Shared Memory Allocator

(code of this section)

We show how to use shared memory using a memory pool allocator.

using pvector = battery::vector<int, battery::pool_allocator>;

__global__ void map_kernel_shared(mvector* v_ptr, size_t shared_mem_capacity) {
  // I. Create a pool of shared memory.
  extern __shared__ unsigned char shared_mem[];
  battery::unique_ptr<battery::pool_allocator, battery::global_allocator> pool_ptr;
  // /!\ We must take a reference to the pool_allocator to avoid copying it, because its copy-constructor is not thread-safe! (It can only be used by one thread at a time).
  battery::pool_allocator& shared_mem_pool = battery::make_unique_block(pool_ptr, static_cast<unsigned char*>(shared_mem), shared_mem_capacity);

  // II. Transfer from global memory to shared memory.
  battery::unique_ptr<pvector, battery::global_allocator> shared_vector;
  size_t chunk_size = chunk_size_per_block(*v_ptr, gridDim.x);
  auto span = make_safe_span(*v_ptr, chunk_size * blockIdx.x, chunk_size);
  pvector& v = battery::make_unique_block(shared_vector, span.data(), span.size(), shared_mem_pool);

  // III. Run the algorithm on the shared memory.
  block_par_map(v, [](int x){ return x * 2; }, blockDim.x, threadIdx.x);
  __syncthreads();

  // IV. Transfer back from shared memory to global memory.
  for(int i = threadIdx.x; i < v.size(); i += blockDim.x) {
    (*v_ptr)[chunk_size * blockIdx.x + i] = v[i];
  }
}

We initialize one pool allocator per-block using the same technique as shown before.
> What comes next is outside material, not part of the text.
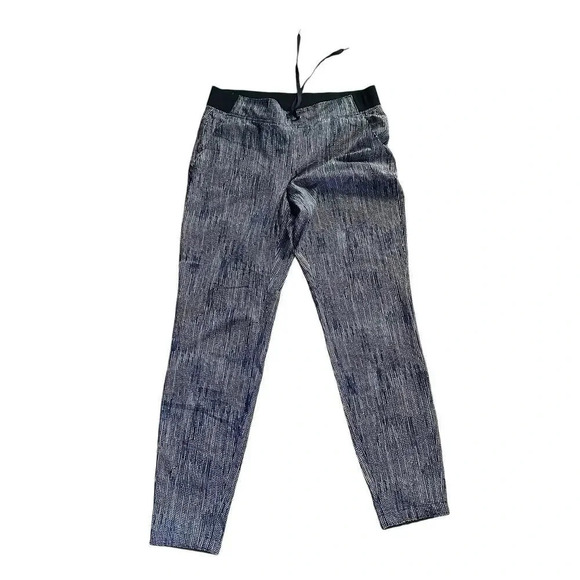 Athleta Batik Midtown Ankle Pants Size 10T - Picture 1 of 7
However, we must be careful to take the pool_allocator by reference because its copy-constructor is not thread-safe; similarly to shared_ptr it maintains a shared counter to its memory pool. Since memory allocation is done by only one thread anyway, it does not make sense to have multiple copies of this allocator.
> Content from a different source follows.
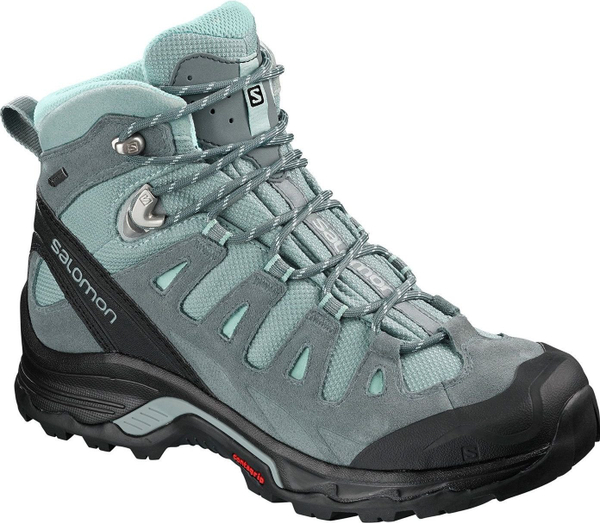 Fotoja e Çizme për femra Salomon Quest Prime GTX W, Nr. 37 1/3, ngjyrë mendre / të zeza (404636)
The next step is to transfer the vector to the shared memory. Each block works on a chunk of the initial array. Therefore, we do not want to move the whole array in shared memory, but only the part of interest for that block. To achieve that, we compute the size of the chunk using chunk_size_per_block and create a view of the vector covering only that chunks. We use std::span to model the view. Note that we can use the STL std::span because all its methods are constexpr, and we have the NVCC flag --expt-relaxed-constexpr inherited from cuda-battery. We then copy this span into the vector v which is in shared memory.

The algorithm block_par_map is then called on v for each block. The last step is to transfer the memory from the shared memory to the global memory. After each block finished computing, the map function has been applied to each element of the initial vector.